Mapping the methods onto this grid makes the picture obvious:

MethodSourceRoutingReset?
Block AttnRes (Kimi)block deltareplacementyes
Full AttnRes (Kimi)sublayer deltareplacementevery layer
Delta Block (ours)block deltaadditiveno
Delta AttnRes (ours)sublayer deltaadditiveno

Read the rows: our methods share the source type with Kimi's. The column that flips is routing. Delta Block vs Block AttnRes differ in exactly one thing — additive vs replacement.

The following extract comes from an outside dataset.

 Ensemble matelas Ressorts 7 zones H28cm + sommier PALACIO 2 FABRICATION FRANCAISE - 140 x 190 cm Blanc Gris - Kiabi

Why Additive Routing Is the Lever

Replacement routing throws the residual stream away and rebuilds the hidden state from a convex combination of sources:

# Replacement (Attention Residuals): the stream is overwritten
h = sum(alpha_i * v_i)            # softmax weights sum to 1

# Additive (Delta Attention Residuals): the stream is preserved
h = h_tilde + sum(alpha_i * v_i)  # routing augments, never replaces

Three consequences follow, and all three are about the residual stream, not the sources:

  1. Residual preservation. The gradient highway $\tilde{\mathbf{h}}$ is always there. Replacement breaks it whenever the softmax doesn't happen to reconstruct it.
  2. Safe initialization. With zero-init queries the softmax is uniform, so $\sum\alpha_i\mathbf{v}_i$ is just a small bounded perturbation added to $\tilde{\mathbf{h}}$ — the layer is the identity at step 0. A replacement layer at uniform init returns the mean of the sources, which is not the residual sum, so it cannot reduce to a vanilla transformer.
  3. No information loss at boundaries. Because we never reset, every sublayer's contribution stays individually reachable.

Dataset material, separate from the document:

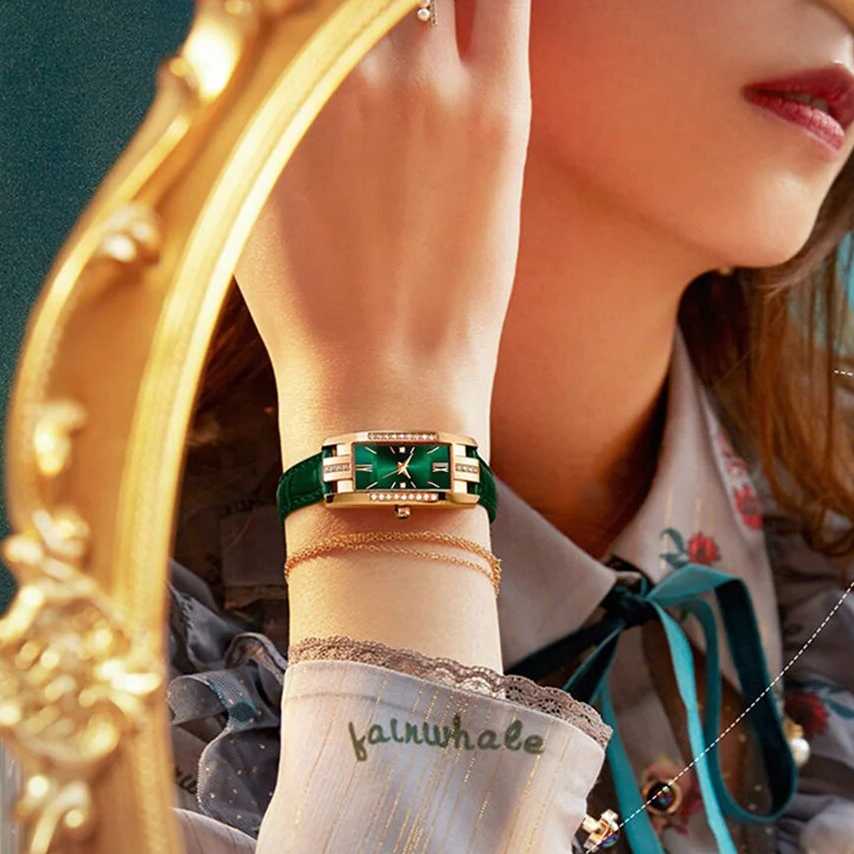 Tanie Moda Xiaohong pasek diamentowe kwadratowe zegarki damskie ze… sklep internetowy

The safe-init property is the practical payoff: it's what lets you take an off-the-shelf pretrained checkpoint and fine-tune it into a Delta Attention Residual model with zero disruption at step 0.

The Evidence: Replacement Degrades at Scale

From-scratch training on FineWeb-Edu, 10K steps, matched architecture/data/hyperparameters per scale. Validation perplexity (lower is better):

ScaleBaselineAttnRes (replace)Full AttnRes (replace)Delta Block (add)Delta AttnRes (add)
220M38.7137.3937.3037.0836.83
533M32.0031.7531.6831.1631.05
1044M29.7031.76 (+6.9%)33.36 (+12.3%)29.1929.13
7.57B17.4318.58 (+6.6%)16.00 (−8.2%)
At small scale, replacement routing is fine — it even helps. But as depth grows, replacement degrades below the plain-residual baseline: +6.9% at 1B and +6.6% at 8B. The most aggressive replacement variant (Full AttnRes, reset every layer) is the worst at 1B (+12.3%). Additive routing turns that same setup into a consistent win at every scale, peaking at −8.2% PPL at 7.6B.

This is the cleanest argument for the two-axis view: holding the source fixed (block deltas) and flipping only the routing (replacement → additive) converts a method that degrades into one that improves.

So What About Routing Collapse?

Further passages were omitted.